Außerdem verlangen die Fachleute die Schulpflicht für alle Flüchtlingskinder, ein Recht auf Unterricht in der Muttersprache und eine entsprechende Ausstattung der Schulen sowie eine Gleichbehandlung von ausländischen und deutschen Kindern gemäß Den Haager Flüchtlingskonvention und UN-Charta.

Die Änderung des Asylrechts habe das Seelenleid der Flüchtlingskinder in Deutschland verschärft, sagte Peter Riedesser, Veranstalter des Kongresses. „Sie brauchen ein Gefühl von Sicherheit und Geborgenheit, wenn sie hierherkommen. Das kann es aber nicht geben, solange sie von Abschiebung bedroht sind“, fügte der Psychiatrieprofessor hinzu.

In Deutschland mangele es an Fachkräften, Einrichtungen und Geld für die Betreuung von Flüchtlingskindern, sagte Riedesser. „Der politische Wille fehlt, diesen Kindern zu helfen.“

In Kriegsgebieten setzen sich Familien zusammen, um zu beschließen, welches Kind nach Deutschland geschickt wird, damit es überlebt.

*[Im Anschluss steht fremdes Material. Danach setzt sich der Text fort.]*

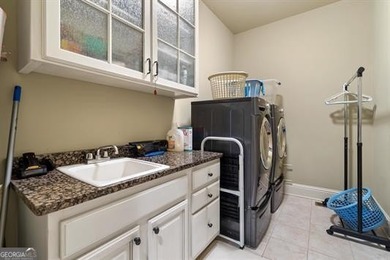 Charming Home in Reynolds Great Waters - Cul-de-Sac Location on Great Waters Course At Reynolds Plantation in Georgia - for sale on GolfHomes.com, golf home, golf lot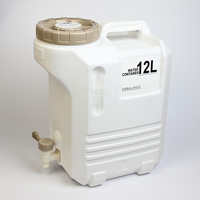EMBALANCE WATER CONTAINER（旧 エンバランス 水タンク） 竹炭パック付 12L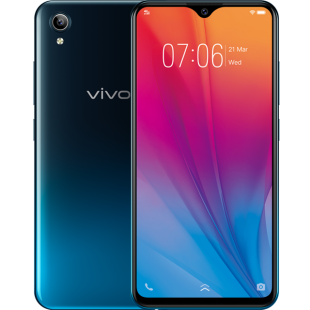 Vivo Y91D 2GB 32GB Built-in, Dual Sim with official warranty (PTA Approved) price in Pakistan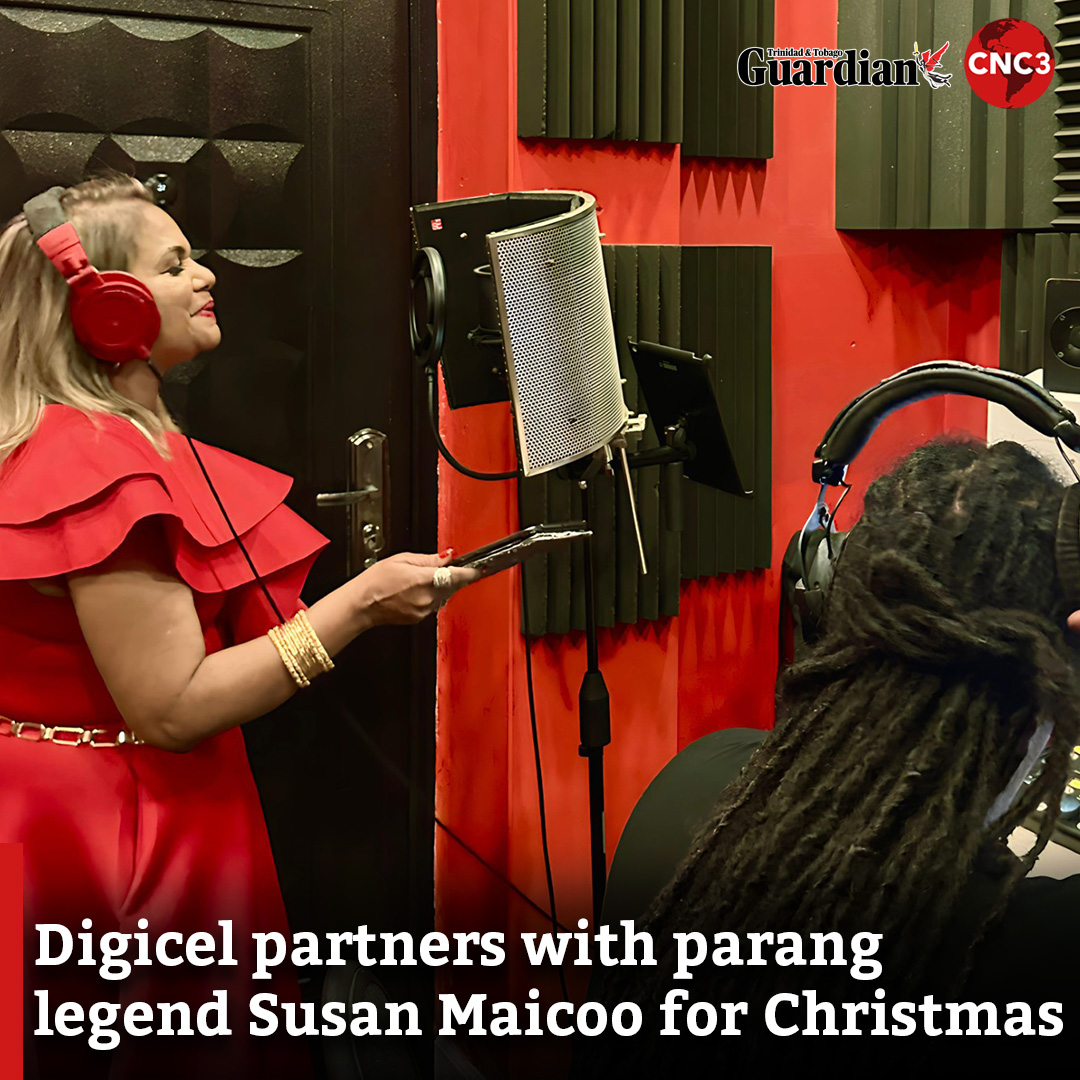 Digicel has launched its campaign “Digicel Christmas is D’ Bess.”

Read more:
cnc3.co.tt/digicel-partne…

Wenn die Kinder hier ankommen, müßten sie mit den Erinnerungen an Bomben und Leichen und ohne ihre Verwandten und Freunde leben.

„Durch den Kongreß können wir diesen Flüchtlingskindern besser helfen“, sagte der Kinderarzt Hubertus Adam. Nach den Gesprächen mit Kollegen aus den Heimatländern der Kinder verstünden sie jetzt die Leidensgeschichte der Mädchen und Jungen. Auch könnten die Betreuer Parallelen ziehen zu den seelischen Leiden der Holocaust-Opfer nach dem Zweiten Weltkrieg, deren Erfahrungen ein Hauptthema des Kongresses waren.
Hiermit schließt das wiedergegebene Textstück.